SPF checker on http://www.kitterman.com/spf/validate.html
validates 66.80.15.197 as legitimate source of email from


So returning to the Hotmail results (full results might help
more here too):

X-Message-Status: n
X-SID-PRA: Eric <sender's email address>
X-SID-Result: TempError

We might wonder if Hotmail is messed up, especially on a
temporary error which is usually (as I understand it) due to
DNS lookup failures (not finding server rather than record
missing or wrong) and such things which will cause an
unverifiable result which MAY be valid later but first we
should check YOUR DNS for correctness:

Doing NSLookup for:

nslookup -q=ns dk.iconix.com

....gives:
ns1.dnspark.net internet address = 69.44.153.5
ns2.dnspark.net internet address = 81.29.64.97
ns3.dnspark.net internet address = 66.98.161.195

And these servers don't seem able to return a TXT record for
the zone dk.iconix.com EVEN THOUGH the SPF checker seems
to have found it.

nslookup -q=txt dk.iconix.com 66.98.161.195
(or when specifying either of your other DNS servers:
81.29.64.97 and 69.44.153.5)

....does NOT return a record EVEN THOUGH my own DNS server
seems to have your TXT in cache when I leave off the specific
DNS server (using it's own non-authoritative cache) -- this is odd
since I cannot get the correct results from ANY of the authoritative
servers directly but seem to have it in cache from SOMEWHERE,
so my working assumption is that we have some kind of weird
intermittent error... (keep reading...)

Also: http://www.dnsreport.com/ gives a (total) failure for this
zone (dk.iconix.com) and there are problems in querying the parent,
i.e., iconix.com for ns (or txt records) for this zone.

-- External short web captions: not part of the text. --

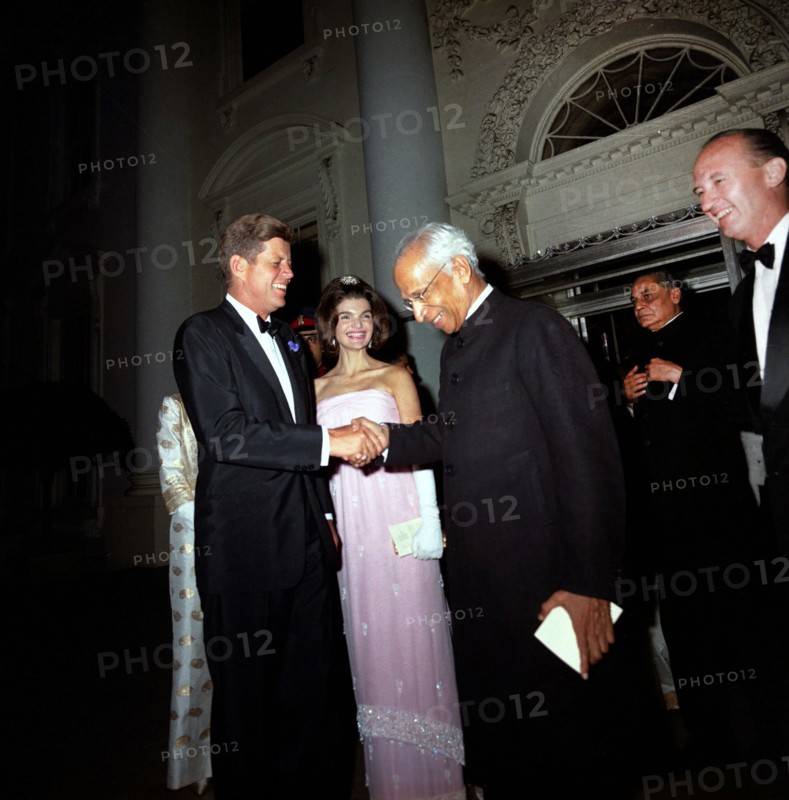President of India, Dr. Sarvepalli Radhakrishnan, shaking hands with U.S. President John F. Kennedy as U.S. First Lady Jacqueline Kennedy looks on following state dinner in his honor, North Portico, White House, Washington, D.C., USA, Cecil Stoughton, White House Photographs, June 3, 1963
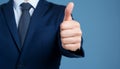 Businessman hand thumb up on blue punched paper Royalty Free Stock Photo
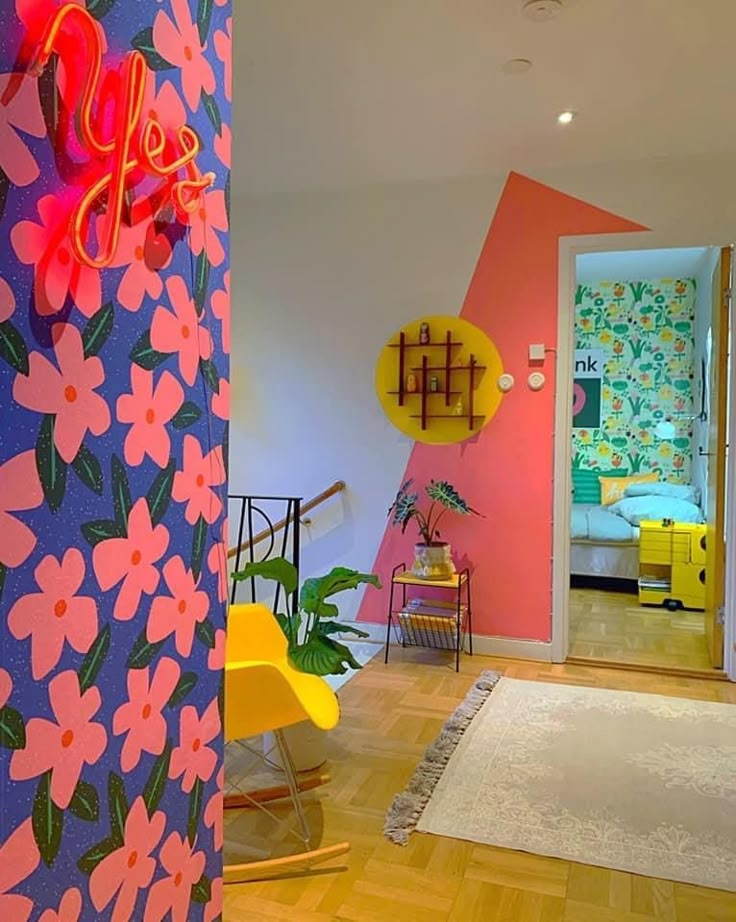 a brightly colored room with flowers painted on the walls and wooden floors, along with yellow chairs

Checking the parent, iconix.com, at http://www.dnsreport.com/ reveals
stealth (missing, unreachable) DNS servers which is a more serious
problem and LIKELY ACCOUNTS for the intermittent failures:

(stealth DNS servers for iconix.com):
ns04.savvis.net.
ns01.savvis.net.
ns02.savvis.net.

Rechecking dk.iconix.com then shows the zone at DNSReport which is
likely due to having loaded all of the iconix nameservers (including the
one working/reachable server) into cache there, but then gives "Glue"
warnings -- which means that not all of your nameservers for the child
(dk) are listed in the parent zone, and claims that at least one of the
child DNS servers are stealth as well (i.e., ns3.dnspark.net. which is:
66.98.161.195)

I would suggest fixing the DNS problems at BOTH iconix.com and
dk.iconix.com before worrying further about the SPF, then when you
have that all working retest the Hotmail and other SPF checks.